Pentagon Pivots to More “Public Engagement”
Defense Secretary Mark T. Esper, who took office last week, has directed senior military and civilian defense officials to “more actively engage with the public,” according to a Pentagon memo issued on Friday.
“Simply put, the Department benefits when we thoughtfully engage with the American public, Congressional leaders, international community, and the media,” wrote Jonathan Rath Hoffman, the Assistant to the Secretary for Public Affairs.
But increased public and media engagement does not necessarily mean increased disclosure or improved access to information.
“Always seek the appropriate balance between transparency and operational security,” the July 26 memo stated. “As senior leaders you are closer to pertinent issues. Therefore, you are often best suited to make determinations on what should or should not be released within classification guidelines and have the responsibility to protect even unclassified non-public information.”
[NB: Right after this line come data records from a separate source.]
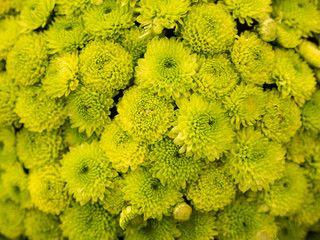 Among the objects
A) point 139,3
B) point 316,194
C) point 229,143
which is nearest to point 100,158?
point 229,143

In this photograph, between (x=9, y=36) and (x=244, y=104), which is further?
(x=9, y=36)

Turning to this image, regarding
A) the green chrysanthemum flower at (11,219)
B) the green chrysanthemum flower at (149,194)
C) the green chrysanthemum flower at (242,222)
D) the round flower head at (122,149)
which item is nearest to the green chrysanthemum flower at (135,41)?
the round flower head at (122,149)

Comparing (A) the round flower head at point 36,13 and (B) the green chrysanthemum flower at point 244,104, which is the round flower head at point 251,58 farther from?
(A) the round flower head at point 36,13

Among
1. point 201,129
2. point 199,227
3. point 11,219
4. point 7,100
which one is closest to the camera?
point 201,129

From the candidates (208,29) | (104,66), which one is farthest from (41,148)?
(208,29)

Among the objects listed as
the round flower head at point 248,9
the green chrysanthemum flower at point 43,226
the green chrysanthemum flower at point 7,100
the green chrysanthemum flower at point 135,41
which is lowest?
the green chrysanthemum flower at point 43,226

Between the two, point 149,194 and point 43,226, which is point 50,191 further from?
point 149,194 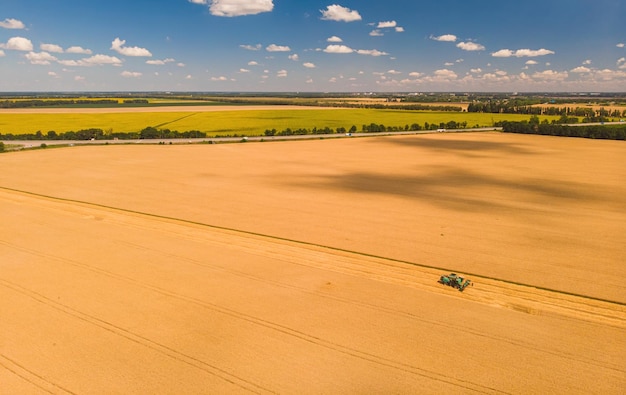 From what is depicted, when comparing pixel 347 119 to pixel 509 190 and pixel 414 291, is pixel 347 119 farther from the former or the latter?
pixel 414 291

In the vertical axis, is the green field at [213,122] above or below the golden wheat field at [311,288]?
above

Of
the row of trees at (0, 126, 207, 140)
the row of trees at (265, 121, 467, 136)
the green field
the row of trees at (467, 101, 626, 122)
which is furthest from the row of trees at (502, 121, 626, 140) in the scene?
the row of trees at (0, 126, 207, 140)

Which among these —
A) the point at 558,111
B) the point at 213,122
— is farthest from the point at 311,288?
the point at 558,111

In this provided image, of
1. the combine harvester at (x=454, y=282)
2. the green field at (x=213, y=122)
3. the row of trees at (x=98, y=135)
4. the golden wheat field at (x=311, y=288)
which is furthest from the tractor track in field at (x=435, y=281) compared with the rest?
the green field at (x=213, y=122)

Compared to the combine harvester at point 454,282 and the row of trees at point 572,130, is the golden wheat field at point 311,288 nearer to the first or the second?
the combine harvester at point 454,282

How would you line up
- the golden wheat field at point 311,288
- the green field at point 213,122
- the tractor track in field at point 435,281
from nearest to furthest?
→ the golden wheat field at point 311,288
the tractor track in field at point 435,281
the green field at point 213,122

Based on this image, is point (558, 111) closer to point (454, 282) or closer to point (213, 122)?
point (213, 122)

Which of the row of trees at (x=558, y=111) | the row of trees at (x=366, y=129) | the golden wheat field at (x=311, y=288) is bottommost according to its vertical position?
the golden wheat field at (x=311, y=288) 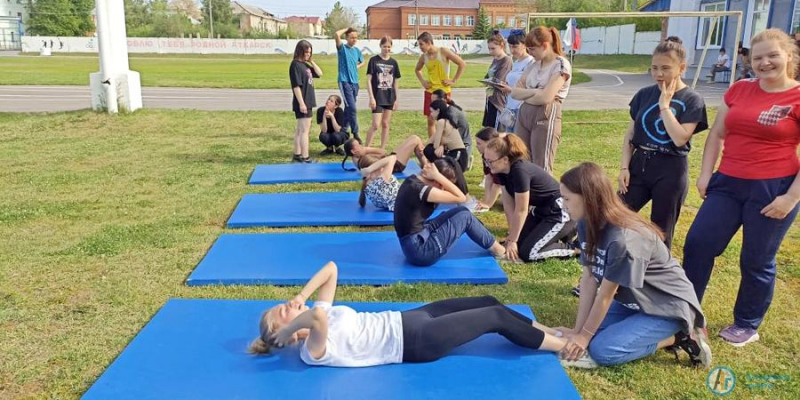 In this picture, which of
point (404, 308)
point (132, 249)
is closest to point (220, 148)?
point (132, 249)

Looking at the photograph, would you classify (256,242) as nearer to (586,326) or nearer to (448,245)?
(448,245)

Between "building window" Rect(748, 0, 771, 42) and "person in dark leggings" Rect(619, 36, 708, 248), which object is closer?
"person in dark leggings" Rect(619, 36, 708, 248)

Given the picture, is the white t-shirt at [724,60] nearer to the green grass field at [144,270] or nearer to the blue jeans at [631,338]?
the green grass field at [144,270]

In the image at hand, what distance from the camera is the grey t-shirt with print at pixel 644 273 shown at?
329cm

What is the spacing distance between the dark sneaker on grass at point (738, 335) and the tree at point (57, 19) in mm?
81337

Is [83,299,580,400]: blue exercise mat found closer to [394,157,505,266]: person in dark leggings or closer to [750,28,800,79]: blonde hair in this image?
[394,157,505,266]: person in dark leggings

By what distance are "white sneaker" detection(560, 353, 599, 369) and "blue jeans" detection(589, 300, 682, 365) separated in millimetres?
26

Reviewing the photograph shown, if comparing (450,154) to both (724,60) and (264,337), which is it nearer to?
(264,337)

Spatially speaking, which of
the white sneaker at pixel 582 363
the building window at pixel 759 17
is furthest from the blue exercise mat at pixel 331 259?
the building window at pixel 759 17

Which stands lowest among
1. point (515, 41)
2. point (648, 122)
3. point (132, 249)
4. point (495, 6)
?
point (132, 249)

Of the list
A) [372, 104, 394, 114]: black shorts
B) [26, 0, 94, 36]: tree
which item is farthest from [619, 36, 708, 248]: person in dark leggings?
[26, 0, 94, 36]: tree

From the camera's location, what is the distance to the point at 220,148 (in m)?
10.9

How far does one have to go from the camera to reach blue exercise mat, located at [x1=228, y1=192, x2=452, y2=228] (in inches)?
249

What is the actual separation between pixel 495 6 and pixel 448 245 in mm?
87177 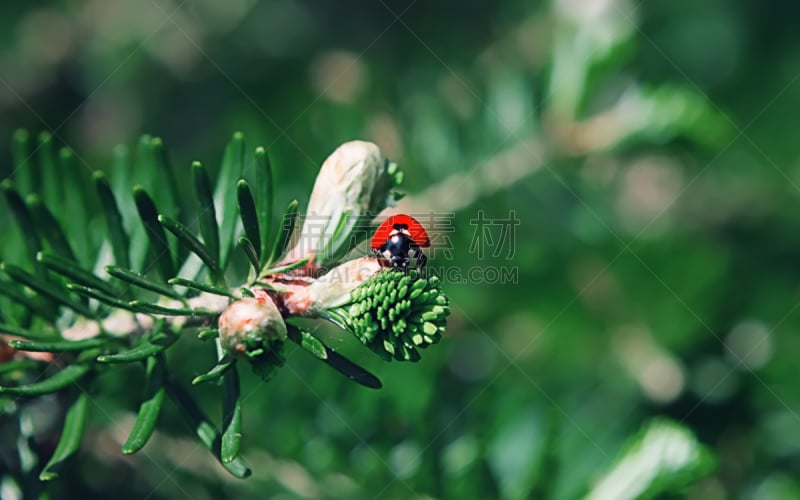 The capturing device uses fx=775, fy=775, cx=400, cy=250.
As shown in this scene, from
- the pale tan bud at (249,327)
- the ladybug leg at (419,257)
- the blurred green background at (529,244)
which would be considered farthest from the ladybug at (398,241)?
the blurred green background at (529,244)

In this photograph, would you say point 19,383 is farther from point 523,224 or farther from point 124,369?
point 523,224

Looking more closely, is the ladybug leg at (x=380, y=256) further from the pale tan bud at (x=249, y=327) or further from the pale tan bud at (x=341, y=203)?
the pale tan bud at (x=249, y=327)

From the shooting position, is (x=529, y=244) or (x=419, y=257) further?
(x=529, y=244)

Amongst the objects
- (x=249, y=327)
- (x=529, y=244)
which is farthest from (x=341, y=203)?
(x=529, y=244)

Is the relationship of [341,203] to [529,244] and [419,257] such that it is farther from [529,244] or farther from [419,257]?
[529,244]

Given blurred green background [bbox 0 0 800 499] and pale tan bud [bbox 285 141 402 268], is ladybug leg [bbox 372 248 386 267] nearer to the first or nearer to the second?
pale tan bud [bbox 285 141 402 268]

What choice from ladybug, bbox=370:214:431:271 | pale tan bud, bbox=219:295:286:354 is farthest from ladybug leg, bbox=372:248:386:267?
pale tan bud, bbox=219:295:286:354

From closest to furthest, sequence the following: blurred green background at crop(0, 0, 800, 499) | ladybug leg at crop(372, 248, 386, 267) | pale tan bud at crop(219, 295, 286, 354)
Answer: pale tan bud at crop(219, 295, 286, 354)
ladybug leg at crop(372, 248, 386, 267)
blurred green background at crop(0, 0, 800, 499) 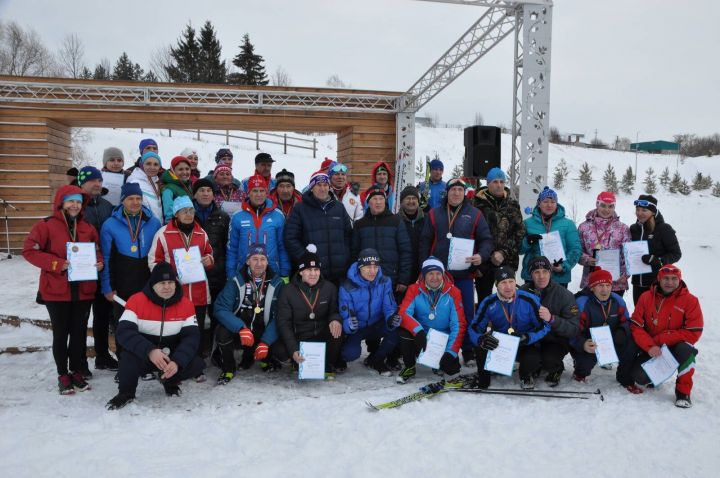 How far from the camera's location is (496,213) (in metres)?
4.53

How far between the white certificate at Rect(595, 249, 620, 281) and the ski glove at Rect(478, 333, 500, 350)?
1536mm

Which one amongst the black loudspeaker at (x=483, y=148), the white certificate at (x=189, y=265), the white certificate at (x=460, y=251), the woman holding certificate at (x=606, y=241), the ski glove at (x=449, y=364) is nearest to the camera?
the white certificate at (x=189, y=265)

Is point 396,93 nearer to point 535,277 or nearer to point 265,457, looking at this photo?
point 535,277

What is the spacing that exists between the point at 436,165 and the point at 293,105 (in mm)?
5570

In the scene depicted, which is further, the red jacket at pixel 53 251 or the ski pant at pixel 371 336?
the ski pant at pixel 371 336

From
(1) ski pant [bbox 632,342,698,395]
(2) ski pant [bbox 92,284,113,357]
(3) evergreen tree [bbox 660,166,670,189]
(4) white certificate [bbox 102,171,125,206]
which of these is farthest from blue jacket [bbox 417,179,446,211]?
(3) evergreen tree [bbox 660,166,670,189]

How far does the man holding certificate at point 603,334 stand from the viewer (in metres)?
3.87

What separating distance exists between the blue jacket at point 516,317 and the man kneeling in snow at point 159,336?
234cm

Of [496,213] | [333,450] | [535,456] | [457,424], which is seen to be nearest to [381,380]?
[457,424]

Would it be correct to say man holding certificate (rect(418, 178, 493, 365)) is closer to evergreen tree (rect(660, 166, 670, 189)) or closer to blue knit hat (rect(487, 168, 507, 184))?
blue knit hat (rect(487, 168, 507, 184))

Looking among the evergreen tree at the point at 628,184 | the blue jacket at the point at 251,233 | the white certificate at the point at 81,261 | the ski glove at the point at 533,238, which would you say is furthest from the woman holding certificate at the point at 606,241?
the evergreen tree at the point at 628,184

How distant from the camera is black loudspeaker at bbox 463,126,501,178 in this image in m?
7.19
Still, the new memo represents a change in attitude from that expressed by the previous Secretary of Defense, Jim Mattis.
In an uncompromising October 2017 memo that was understood by Pentagon officials to discourage discretionary disclosures, SecDef Mattis wrote:
“We must be vigilant in executing our responsibility to prevent disclosure of any information not authorized for release outside of the Department of Defense: All hands must be alert to prevent unauthorized disclosure of non-public information for any reason, whether by implied acknowledgement or intentional release. Misconduct cannot be tolerated and suspected or confirmed disclosure must be reported at once.”
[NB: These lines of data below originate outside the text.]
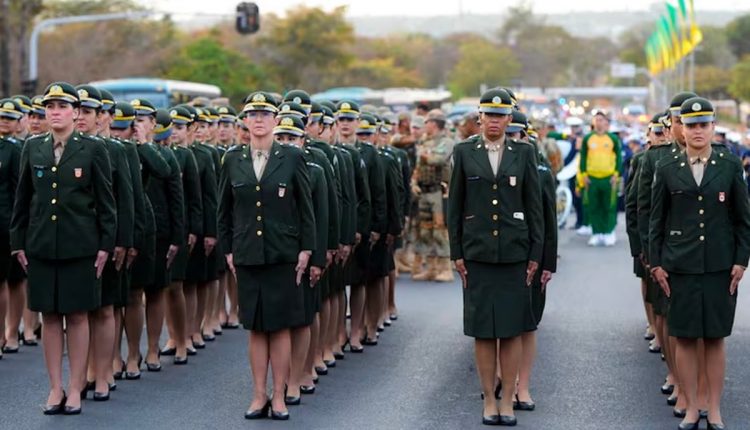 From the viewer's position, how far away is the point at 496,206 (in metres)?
10.4

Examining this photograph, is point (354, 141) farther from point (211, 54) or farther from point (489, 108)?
point (211, 54)

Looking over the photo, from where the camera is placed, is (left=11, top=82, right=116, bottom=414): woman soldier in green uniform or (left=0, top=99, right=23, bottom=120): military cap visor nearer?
(left=11, top=82, right=116, bottom=414): woman soldier in green uniform

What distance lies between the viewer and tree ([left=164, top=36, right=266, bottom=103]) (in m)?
69.1

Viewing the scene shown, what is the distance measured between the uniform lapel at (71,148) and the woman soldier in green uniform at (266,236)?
103 cm

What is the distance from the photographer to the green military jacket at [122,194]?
11.0 metres

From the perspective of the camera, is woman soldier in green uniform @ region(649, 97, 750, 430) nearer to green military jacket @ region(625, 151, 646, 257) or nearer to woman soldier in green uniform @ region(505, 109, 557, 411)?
woman soldier in green uniform @ region(505, 109, 557, 411)

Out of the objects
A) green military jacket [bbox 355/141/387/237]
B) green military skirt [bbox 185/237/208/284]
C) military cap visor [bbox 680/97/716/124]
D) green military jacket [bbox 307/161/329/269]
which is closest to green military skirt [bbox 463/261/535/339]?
green military jacket [bbox 307/161/329/269]

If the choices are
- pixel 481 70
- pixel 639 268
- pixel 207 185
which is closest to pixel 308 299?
pixel 207 185

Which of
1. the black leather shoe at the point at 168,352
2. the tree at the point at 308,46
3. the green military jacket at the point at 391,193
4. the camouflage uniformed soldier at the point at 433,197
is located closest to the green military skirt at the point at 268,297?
the black leather shoe at the point at 168,352

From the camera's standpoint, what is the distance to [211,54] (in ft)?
234

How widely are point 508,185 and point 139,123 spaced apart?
349cm

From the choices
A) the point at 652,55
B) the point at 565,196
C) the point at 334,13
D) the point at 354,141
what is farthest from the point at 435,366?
the point at 652,55

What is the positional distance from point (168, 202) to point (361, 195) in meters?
1.96

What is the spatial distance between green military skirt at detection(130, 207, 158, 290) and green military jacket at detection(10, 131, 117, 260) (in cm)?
137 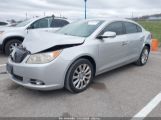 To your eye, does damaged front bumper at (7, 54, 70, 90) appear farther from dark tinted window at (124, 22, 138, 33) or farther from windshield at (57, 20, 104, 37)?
dark tinted window at (124, 22, 138, 33)

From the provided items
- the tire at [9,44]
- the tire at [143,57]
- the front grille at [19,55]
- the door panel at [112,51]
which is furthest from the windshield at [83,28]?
the tire at [9,44]

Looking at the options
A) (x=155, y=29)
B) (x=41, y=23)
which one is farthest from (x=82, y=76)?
(x=155, y=29)

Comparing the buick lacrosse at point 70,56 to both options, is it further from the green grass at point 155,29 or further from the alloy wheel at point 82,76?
Answer: the green grass at point 155,29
Following that direction from Secretary Mattis, many types of previously available defense-related information were in fact withdrawn from public and media access, such as the number of US troops in Afghanistan, Iraq and Syria, and the current size of the US nuclear arsenal.
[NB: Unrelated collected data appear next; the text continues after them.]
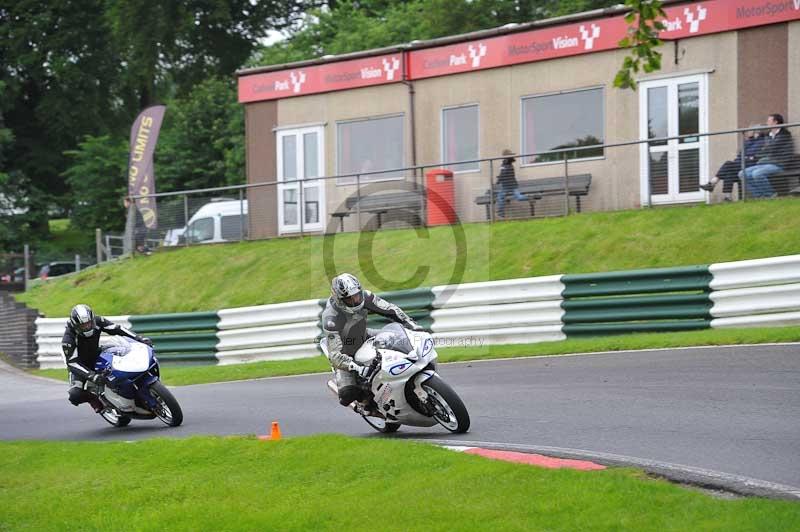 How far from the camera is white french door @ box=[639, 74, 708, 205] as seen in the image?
2012cm

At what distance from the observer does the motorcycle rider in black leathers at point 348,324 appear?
10666 mm

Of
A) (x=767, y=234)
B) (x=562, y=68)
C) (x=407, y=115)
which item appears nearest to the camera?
(x=767, y=234)

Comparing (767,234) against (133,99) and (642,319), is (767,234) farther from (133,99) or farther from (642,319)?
(133,99)

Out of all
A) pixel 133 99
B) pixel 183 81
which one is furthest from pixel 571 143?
pixel 133 99

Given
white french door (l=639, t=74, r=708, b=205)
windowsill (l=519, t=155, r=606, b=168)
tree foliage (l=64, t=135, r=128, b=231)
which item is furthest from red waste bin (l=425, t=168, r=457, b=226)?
tree foliage (l=64, t=135, r=128, b=231)

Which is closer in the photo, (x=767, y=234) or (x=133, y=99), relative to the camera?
(x=767, y=234)

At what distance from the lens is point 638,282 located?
16578 mm

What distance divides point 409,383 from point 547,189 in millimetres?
12300

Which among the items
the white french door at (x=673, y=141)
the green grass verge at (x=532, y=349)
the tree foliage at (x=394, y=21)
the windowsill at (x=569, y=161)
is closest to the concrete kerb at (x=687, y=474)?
the green grass verge at (x=532, y=349)

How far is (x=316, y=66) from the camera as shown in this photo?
26.7m

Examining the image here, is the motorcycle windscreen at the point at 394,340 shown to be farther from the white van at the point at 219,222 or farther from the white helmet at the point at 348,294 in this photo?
the white van at the point at 219,222

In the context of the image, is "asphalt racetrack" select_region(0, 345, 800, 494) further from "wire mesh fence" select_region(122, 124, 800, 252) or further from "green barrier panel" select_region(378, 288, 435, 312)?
"wire mesh fence" select_region(122, 124, 800, 252)

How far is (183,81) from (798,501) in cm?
4634

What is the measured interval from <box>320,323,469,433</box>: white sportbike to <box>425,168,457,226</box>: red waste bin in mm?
12130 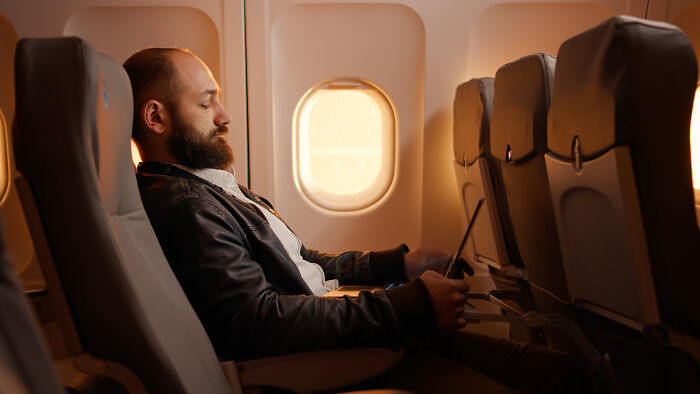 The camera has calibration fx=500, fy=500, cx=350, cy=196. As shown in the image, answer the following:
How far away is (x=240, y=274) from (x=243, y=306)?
0.07m

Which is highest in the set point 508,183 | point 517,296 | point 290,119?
point 290,119

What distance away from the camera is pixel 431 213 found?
9.05ft

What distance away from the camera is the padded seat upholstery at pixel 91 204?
743 mm

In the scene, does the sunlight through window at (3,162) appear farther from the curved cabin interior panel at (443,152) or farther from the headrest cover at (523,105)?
the headrest cover at (523,105)

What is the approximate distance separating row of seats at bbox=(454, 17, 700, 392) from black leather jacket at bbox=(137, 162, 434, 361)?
0.49 m

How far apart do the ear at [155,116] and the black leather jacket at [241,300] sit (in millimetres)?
202

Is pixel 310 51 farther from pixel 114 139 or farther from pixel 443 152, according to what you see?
pixel 114 139

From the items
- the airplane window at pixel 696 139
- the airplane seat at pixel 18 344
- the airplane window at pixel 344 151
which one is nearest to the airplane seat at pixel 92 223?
the airplane seat at pixel 18 344

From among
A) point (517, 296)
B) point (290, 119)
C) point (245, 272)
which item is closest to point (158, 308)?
point (245, 272)

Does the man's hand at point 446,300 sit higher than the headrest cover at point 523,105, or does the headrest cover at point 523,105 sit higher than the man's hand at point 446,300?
the headrest cover at point 523,105

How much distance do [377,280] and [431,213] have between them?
99cm

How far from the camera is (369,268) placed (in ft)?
6.07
Therefore, if Secretary Esper wanted to increase public disclosure of defense information, it wouldn’t be hard to do.
Earlier this month, DoD produced its updated report on the post-9/11 cost of warthrough March 31, 2019.
“Since September 11, 2001, the Department of Defense (DoD) has obligated $1,548.5 billion for war-related costs,” the report said, using DoD’s somewhat arbitrary metrics for cost reporting.
The unclassified cost report was provided to Congress, but it was not publicly released by DoD.